Humorous title, so I see... I wish the whole topic of this blog was humorous but it isn't.
I am suffering extreme stress. And I don't know what to do about it.
What do you do when you hope and pray for so long that someone would still love you, for so long without any reason, with only hope and prayer and tons of evidence proving that they DON'T love you anymore, to the point that you finally give up and try moving on with you life---
What do you do when this person calls you after months of silence
What do you do when this person tells you that they still DO love you
What do you do when everything in theirs and your lives would do everything to prevent the two of you from loving each other, to keep you apart
What do you do when this person wants to see you again
when they tell you that they think about you all the time, despite months and months of silence
when they tell you how good it is to hear your voice
when there is no reason for them to lie to you, this time, because there's no way you would ever need to hear these things, there's no reason for them to even tell you this, because of months and months of silence?
What do you do say to all that?
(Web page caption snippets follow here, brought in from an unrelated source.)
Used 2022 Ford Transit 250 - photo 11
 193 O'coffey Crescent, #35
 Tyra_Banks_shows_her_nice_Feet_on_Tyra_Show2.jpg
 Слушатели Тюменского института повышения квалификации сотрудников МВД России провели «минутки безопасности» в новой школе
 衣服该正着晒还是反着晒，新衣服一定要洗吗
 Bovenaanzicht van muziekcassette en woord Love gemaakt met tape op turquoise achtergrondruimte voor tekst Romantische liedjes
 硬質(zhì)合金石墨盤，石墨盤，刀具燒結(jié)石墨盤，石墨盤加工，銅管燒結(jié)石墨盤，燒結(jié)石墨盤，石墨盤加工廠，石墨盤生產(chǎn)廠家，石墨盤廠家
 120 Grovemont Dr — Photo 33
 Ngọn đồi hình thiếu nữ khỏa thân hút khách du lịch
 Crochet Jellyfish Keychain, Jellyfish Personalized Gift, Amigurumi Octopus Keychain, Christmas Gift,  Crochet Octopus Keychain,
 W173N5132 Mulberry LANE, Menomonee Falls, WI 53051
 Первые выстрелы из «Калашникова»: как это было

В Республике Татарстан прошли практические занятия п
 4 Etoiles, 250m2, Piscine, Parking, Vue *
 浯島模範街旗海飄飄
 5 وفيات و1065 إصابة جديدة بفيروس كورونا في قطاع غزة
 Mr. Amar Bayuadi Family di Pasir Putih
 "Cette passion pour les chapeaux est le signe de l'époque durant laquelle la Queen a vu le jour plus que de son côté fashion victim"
What did I say? All I could say was "Don't say that, don't think like that" and then as a reply to "I love you, Anne" all I could muster was "Yeah, take care."
The words that echoed through my head for hours after that. "Yeah, take care." When I wanted with all of my heart and soul to say "I love you" back, to say all the things I've wanted to say through those months of silence, after all the anger and hurt subsided, and all that was left was love, stupid unrequited love.
When I wanted to cry tears of joy, and relief, when the one person I felt I loved and needed and cared about more than anyone in the world told me he still loved me. After everything. When I could only think, "Of course he would" because I always thought I knew what he always wanted. And it turns out I guess I did always know what he always wanted...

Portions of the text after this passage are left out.